100 YEARS AGO IN MUSICAL AMERICA (147)

June 10, 1916
Page 28
Saint-Saëns Tells of Wartime Sufferings of Musicians


Violinist to Establish Institution on Principles That He Laid Down in His Settlement Work—”A Place Where People Will Come to Acquire Musical Knowledge for the Sheer Joy of It”—Clara Mannes Associated with Her Husband and Distinguished Faculty Is Assured

“IT is not that we are begging for help, but that we find it ‘très gentil’ in you to give it,” writes Saint-Saëns from Paris in acknowledgment of the performance at Carnegie Hall, New York, several weeks ago, for the benefit of members of the Paris Conservatoire and their families who are suffering by reason of the war. The veteran French musician, although eighty years of age and hence too old for service at the front, is working night and day for the relief of his younger fellow artists and their families left destitute in Paris.
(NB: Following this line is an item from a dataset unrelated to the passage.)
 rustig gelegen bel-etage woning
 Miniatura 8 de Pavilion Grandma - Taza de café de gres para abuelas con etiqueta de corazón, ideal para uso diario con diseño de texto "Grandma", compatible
“No one can appreciate the suffering, both mental and physical, of the artist,” the composer-pianist continues. “In the first place his art is dependent on prosperity—the first to go in times of warfare and of straitened circumstance. Then, too, he is naturally of a sensitive disposition. His art has trained him to dissimulate misfortunes beneath a smile. You know, I have seen whole artist families prefer to starve than to ask for help. Money is not all in relieving want. Tact is a necessary asset. One must give alms with great ‘sagesse.’
“As everyone knows, the great majority of French artists of all ranks have given themselves and their professions to their country’s service and are at the front. Their one desire and creed in these war times is to be of help, and their families are living self-sacrificingly up to their principles. Their one idea is to get along somehow, anyhow, but always without burdening the country. It is to save these from privation that the benefit in New York was organized. It is a remarkable fact that in many instances in which warrior musicians have suffered injury it has been with strange fatality in hand, finger or arm—injuries perhaps comparatively slight in themselves but capable of incapacitating the victim from further musical activity.
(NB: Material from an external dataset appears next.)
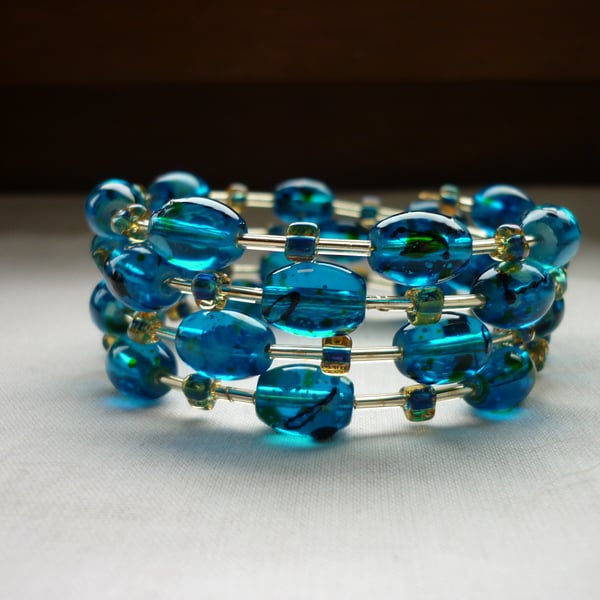 TEAL AND GOLD MEMORY WIRE BRACELET.  1006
“The saddest cases come to our notice,” Saint-Saëns goes on. “Our people serving from the Conservatoire are not just boys. They are our greatest masters and professors who are out there fighting, and fighting more than physical battles.
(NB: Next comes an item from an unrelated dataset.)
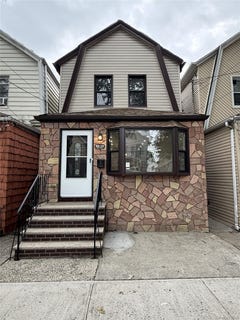 /international/us/8915-86th-street-woodhaven-ny-110109624090/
“Word comes to us often of moral and spiritual comfort brought daily to their comrades by their music. They soothe the wounded in between fights and many an impromptu requiem has been sounded for the dead by those who just a little while ago were hailed as public favorites by enthusiastic white-gloved hands. Strange use their art has come to! It is too bad that only some and not all instruments are adaptable to trench warfare. I think it would greatly mitigate their sufferings if all artists could have access to their instruments.
“Music is a real force in warfare. It actually fights battles just as well as gunpowder. You know how this Conservatoire first came to be dedicated to music in place of being known as ‘L’Ecole Royale de Chant et de Declamation’? War is the answer. In 1793 during our great French Revolution they needed military musicians to fight their battles. To supply the need they changed the school from an elocutionary to a musical institution to provide the necessary soldier musicians to fife and drum their troops to victory.
“So often I am asked if I think the war will break the artistic backbone of my country. We will be impoverished, naturally. But that which will be left must strike a deeper, truer note, for out of great suffering·is made great art.
“We look to America to help us to preserve our artistry. While we are of necessity breaking down and sacrificing our nation’s life from day to day, but always nearer to a finer and more lasting peace, it is America’s privilege to build instead of break. In so doing she is privileged to play the part of safe deposit vault for all the dearest and most precious treasures of the nations of the world.”